I like the idea of PCI-E extenders so graphics cards could be externally used. It would definitely free up airflow in the case and be easier for many users to upgrade. This also has tremendous advantages to the extreme overclocking community. Tri-SLI is no longer a pain to cool. You don't have to worry about blocking slots since the connector barely uses any space. Normal users can use pci-E cards internally if they prefer so there is no pressure to change immediately. Laptop owners would definitely benefit. If you want to play games on your laptop now you just buy a 200 dollar external graphics card and you're good to go. External graphics cards have been tried before, but only using USB 2.0 which is pretty limiting. PCI-E would eliminate the performance gap and allow greater flexibility.

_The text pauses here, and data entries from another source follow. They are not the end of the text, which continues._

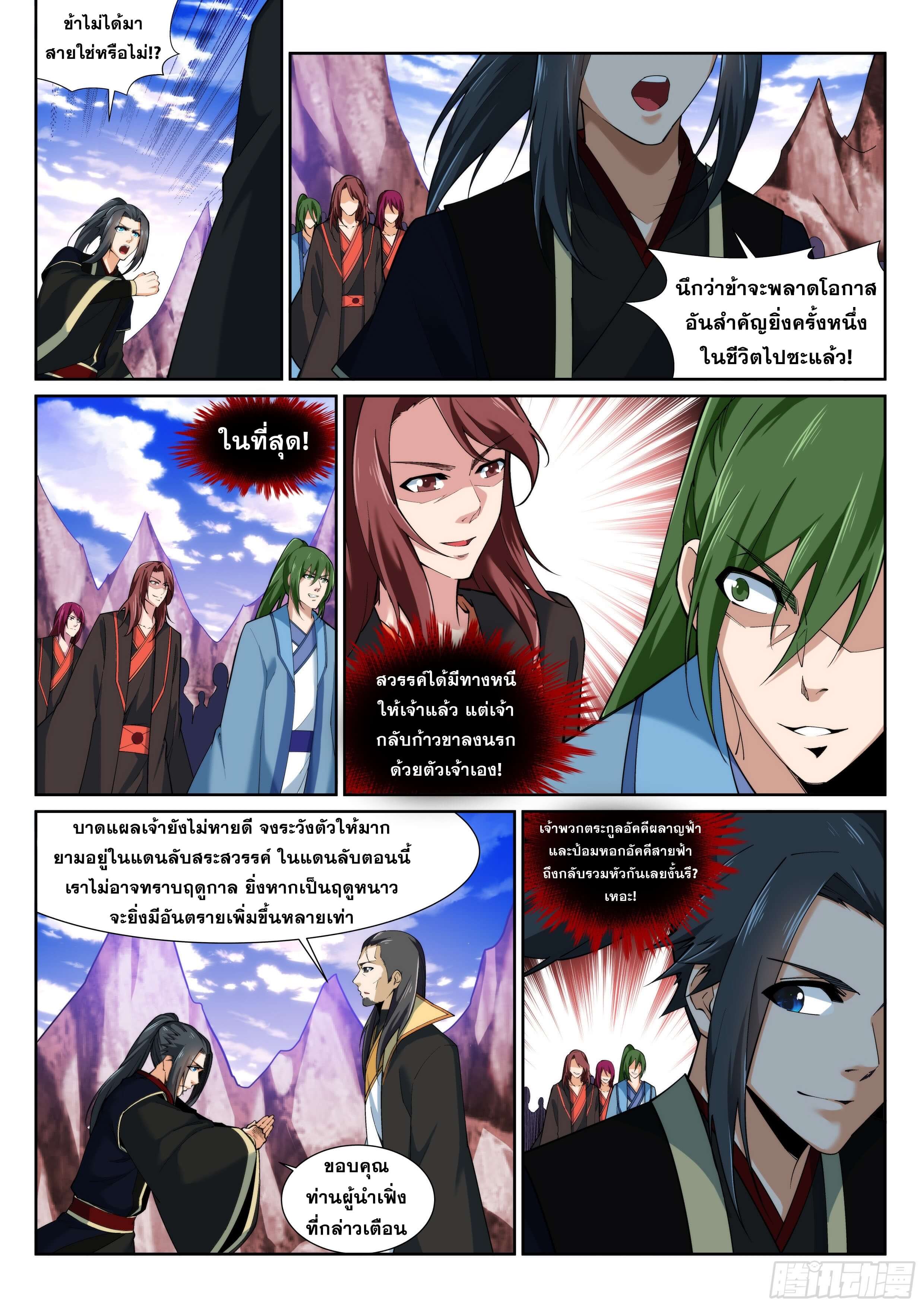 Against the Gods - อสูรพลิกฟ้า ตอนที่ 152 หน้า 3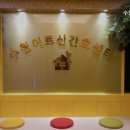 수원어르신간호센터
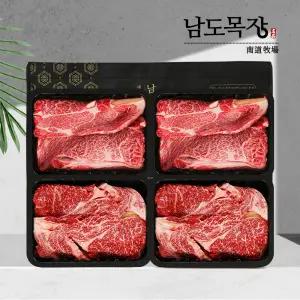 [롯데백화점]친환경팔도 전라도 한우 1등급 꽃등심 선물세트(냉동) 1.2kg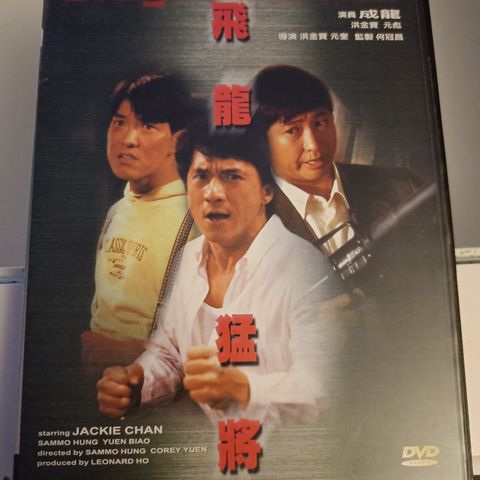 Dragons Forever - DVD - Jackie Chan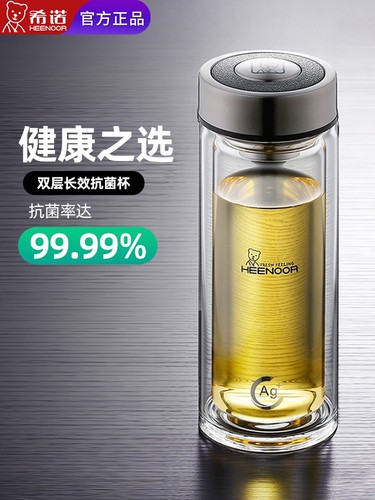 希诺抗菌杯盖子XN-9303 9607K 希诺经典小熊杯盖 莲花过滤网 原厂 - 图0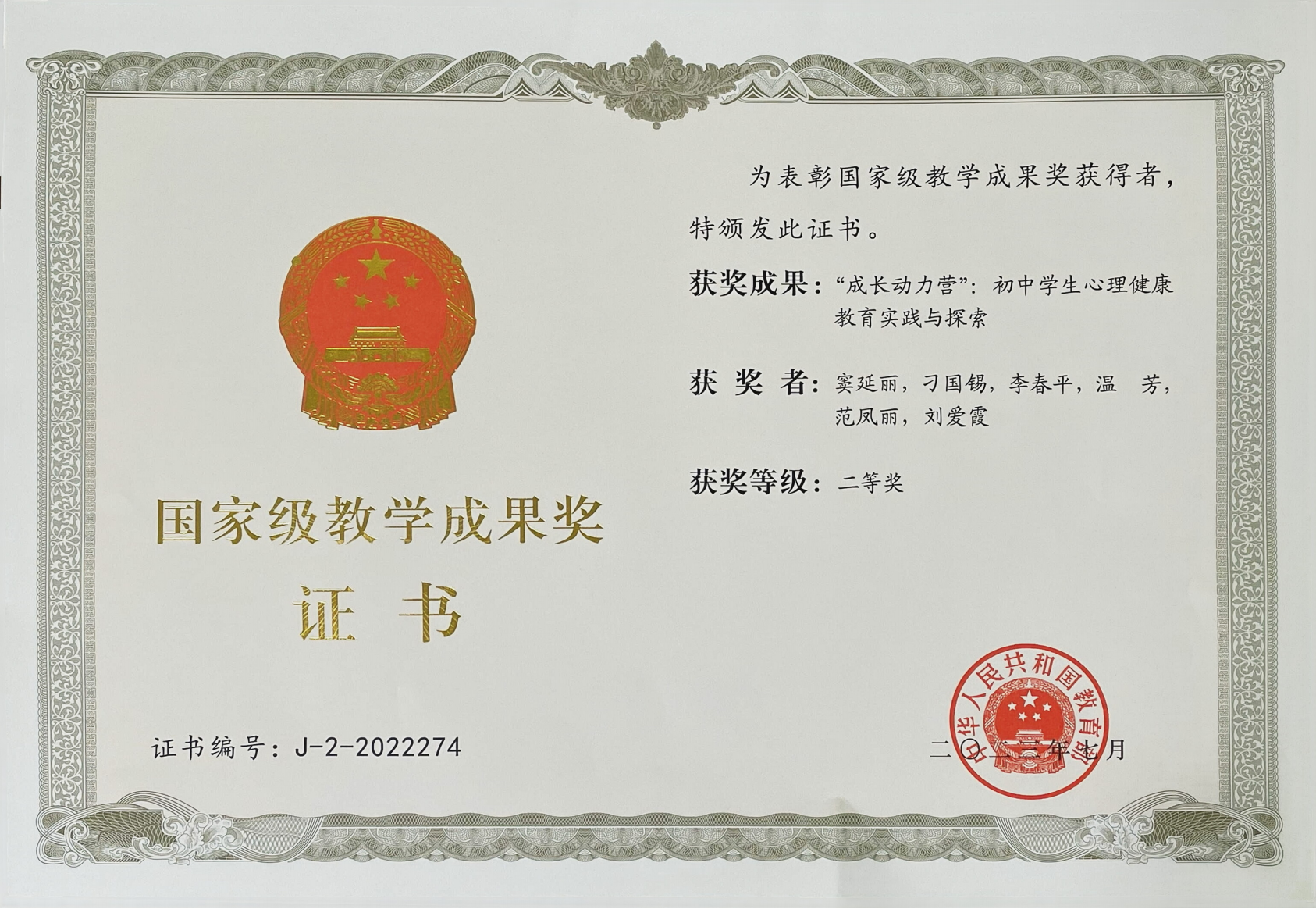 3-1.国家级教学成果奖证书.png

As for the ATX standard IT NEEDS TO DIE. I currently have space for 6 5.25 drives and 6 hard drives. With 1.5 terabyte drives costing 100 dollars, who the heck needs more than 2? Even if you're an extreme user, 2 1.5 TB hard drives in raid 0 with a 160GB SSD would be fine. The standard is so flawed it is unbelievable. Graphics cards are currently the hardest component to cool and any aftermarket solution usually costs 50-100% of the card's cost and more importantly blows hot air all around your case. The only solution I've seen that works well for lower end cards is a positive pressure case ( silverstone FT-01 ) and a passive card. On a 9600GT I was seeing 47C with no noise which was impressive and I'm surprised that SPCR didn't mention that if you are going fanless, positive pressure cases are the only way to go.

I'd definitely prefer the external pci-e solution. ATI XGP is currently the only solution out there, and I believe is limited to 3870. It shows that it is definitely possible though. Something needs to be done about computer cases though, they're insanely large considering what goes into them.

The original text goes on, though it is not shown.